Publié le 23 octobre 2010 par Copeau @Contrepoints

Le vrai commerce équitable est le commerce libre, celui qui se développe grâce à l’accord volontaire des parties, alors que le commerce injuste est exactement celui qui est conclu sous la coaction d’une des parties ou d’un tiers.

Le « commerce équitable », inutile au mieux, contreproductif au pire
Le mouvement du « commerce équitable », qui se décline dans ces magasins offrant des produits provenant de différents pays du Tiers-monde, est devenu un phénomène bien implanté dans nos sociétés. On en connait le principe de base : pour qu’un produit soit certifié « commerce équitable » et vendu comme tel, l’empaqueteur ou l’importateur doit payer un prix minimum aux producteurs locaux. Cependant, et bien qu’ils prétendent se fonder sur une logique altruiste et désintéressée d’aide aux plus défavorisés des pays pauvres, les défenseurs et propagateurs de ce type de commerce semblent bien, par méconnaissance des principes économiques de base, avoir créé un monstre qui menace la prospérité des plus pauvres.
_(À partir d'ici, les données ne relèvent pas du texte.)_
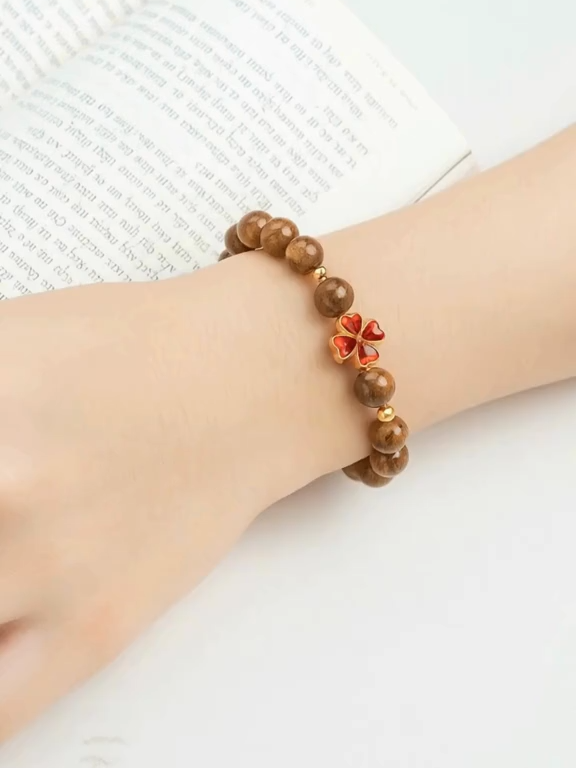 Một chiếc vòng – Một lời chúc Vòng trầm như một lời chúc: hãy sống chậm lại, hít thở sâu và trân trọng những điều nhỏ bé. Năng lượng tự nhiên của trầm giúp ổn định tinh thần, thu hút vận may và xua đi mệt mỏi. Nếu bạn đang cần một vật giữ năng lượng tích cực bên mình, thì chiếc vòng này chính là sự lựa chọn hoàn hảo. Hãy để mỗi hạt trầm mang đến cho bạn bình an thật sự từ bên trong.  #開運パワー #お守りアクセサリー #ウッドビーズ #幸せ祈願 #癒し時間#nguoiviettainhật #幸せを呼ぶ #vongtram108hat #Dieuhoalinhnguyen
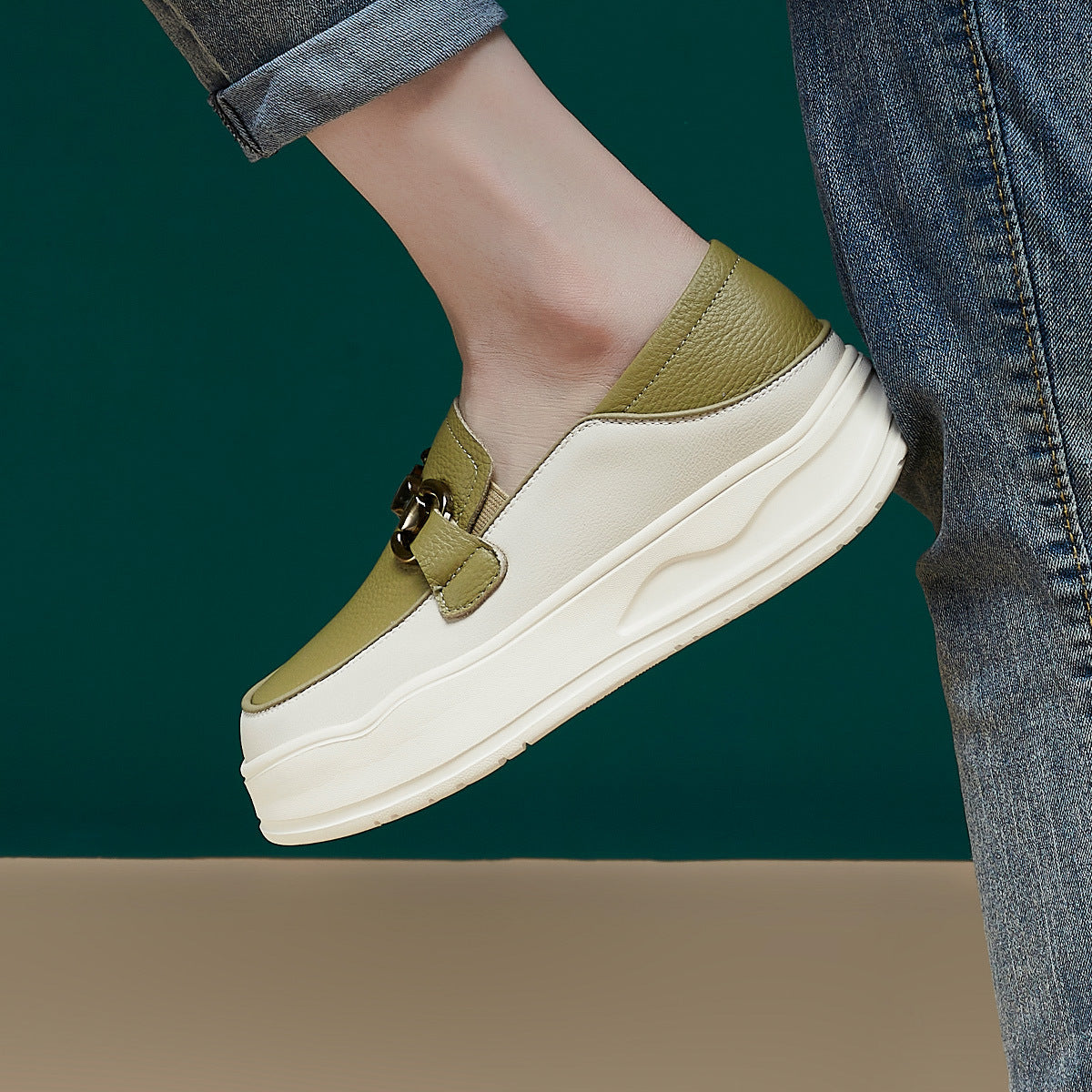 Women's Top Layer Cowhide Easy Wear Trendy Casual Shoes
Si l’on analyse le cas emblématique de ce genre de commerce, celui du café, on constate qu’un quart du café libellé « commerce équitable » provient du Mexique, un pays pourtant relativement riche à l’intérieur du groupe des pays en voie de développement, et où seulement 15% de la force de travail est consacré à l’agriculture. À cause des incitants du « commerce équitable », de nombreux producteurs de ce pays ont décidé de continuer à produire du café, et même ont augmenté leur production. Or ceci est un véritable désastre pour les producteurs de café plus pauvres, comme ceux d’Éthiopie. De plus, le « commerce équitable » punit également les producteurs qui ne se distinguent pas par la qualité, généralement les plus pauvres. Car en établissant un prix minimum, le « commerce équitable » incite à acheter aux producteurs les plus prospères, qui offrent une meilleure qualité, puisque les importateurs ne peuvent obtenir un rabais pour une qualité inférieure – une boisson au café glacé, par exemple, ne requiert pas de grains de même qualité qu’unespresso – et maintenir l’étiquette « commerce équitable ». Par ailleurs, une organisation spécialisée dans le « commerce équitable » et membre du Fairtrade Labelling Organizationscomme la Fairtrade Foundation reconnaît qu’elle n’a pas de politique pour inciter ou aider les producteurs à être plus efficaces. Par contre, Starbucks, une entreprise commerciale classique fondée en vue de générer des bénéfices, dirige des projets pour améliorer la production de ses fournisseurs. Alors que le commerce libre envoie des signaux aux producteurs sur ce qu’ils doivent faire, le « commerce équitable » génère une vision romantique qui finalement éloigne le producteur du monde réel. Et c’est ainsi que Starbucks, sans certification « commerce équitable », paie en moyenne le café à 1,20 dollars au producteur, presque le « prix équitable » offert par les officines « fairtrade ». Malgré les attaques qu’elle subit, cette entreprise privée classique fait plus que quiconque pour étendre les marchés et augmenter les revenus des producteurs de café.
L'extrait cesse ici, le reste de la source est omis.